As many of you might know that currently I have been supporting SQL Server in Azure Virtual Machines. Most of the concepts remains same but one of the common issue which was reported by many customer is about Always On listener connectivity. In this blog we would talk about the possible causes of SQL Server Always On Availability Group Listener not working in Azure SQL VMs.
The most common issue is that the listener got created successfully but it connects only from the server which is primary replica. Note that this issue will not occur in on-premise because there is no ILB needed.
Possible Cause # 1
Many of our customers have come to Microsoft via Azure support ticket, after following below article. (This is the most common issue)
Configure a load balancer for an Always On availability group in Azure
Is there something wrong with the article? No, there is nothing wrong there. Its mostly a oversight when customer miss running below script.
$ClusterNetworkName = "<MyClusterNetworkName>" # the cluster network name (Use Get-ClusterNetwork on Windows Server 2012 of higher to find the name) $IPResourceName = "<IPResourceName>" # the IP Address resource name $ILBIP = "<n.n.n.n>" # the IP Address of the Internal Load Balancer (ILB). This is the static IP address for the load balancer you configured in the Azure portal. [int]$ProbePort = <nnnnn> Import-Module FailoverClusters Get-ClusterResource $IPResourceName | Set-ClusterParameter -Multiple @{"Address"="$ILBIP";"ProbePort"=$ProbePort;"SubnetMask"="255.255.255.255";"Network"="$ClusterNetworkName";"EnableDhcp"=0}
The parameters are explained in the article which I mentioned in the beginning. This is the script which maps probe port and IP which you have defined in the portal. Here is the PowerShell script which I use to figure out above (Thanks to my team member Ghufran)

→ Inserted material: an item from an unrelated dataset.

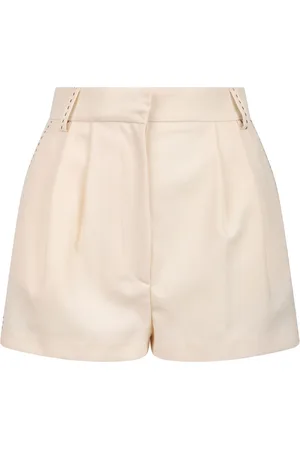 Elisabetta Franchi Shorts, Dam, L, Kräm ullshorts med kontrastsömn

#-- Probe Check Script: #-------------------------------------------------------------- Clear-Host Get-ClusterResource |` Where-Object {$_.ResourceType.Name -like "IP Address"} |` Get-ClusterParameter |` Where-Object {($_.Name -like "Network") -or ($_.Name -like "Address") -or ($_.Name -like "ProbePort") -or ($_.Name -like "SubnetMask")}
Above script shows us the output which can be used to fill in first PowerShell script.
Possible Cause # 2
Second possible cause if that Load Balancing rules are not configured correctly. This information is also mentioned in the article.
Most of the time two values are set incorrectly “Session persistence” and/or “Floating IP (direct server return)”. If we choose any value other than what mentioned in above image, you would get connectivity issue from passive/other nodes.
Possible Cause # 3
In few customer cases I have seen that they run PowerShell for “Cluster IP Address” also. There is no real need to
Possible Cause # 4
In few cases, we have also seen that probe port was not opened in firewall. You should enable 1433 (SQL Server listening Port), 5022 (Always On Endpoint port), 59999 (Probe Port). If you are using any non-default port then take care of them in firewall.
Possible Cause # 5
If you are using NSG in Azure then make sure ports mentioned in #4 is are open.
This is the list I have compiled based on support cases reported. I will keep adding more items as and when they are reported.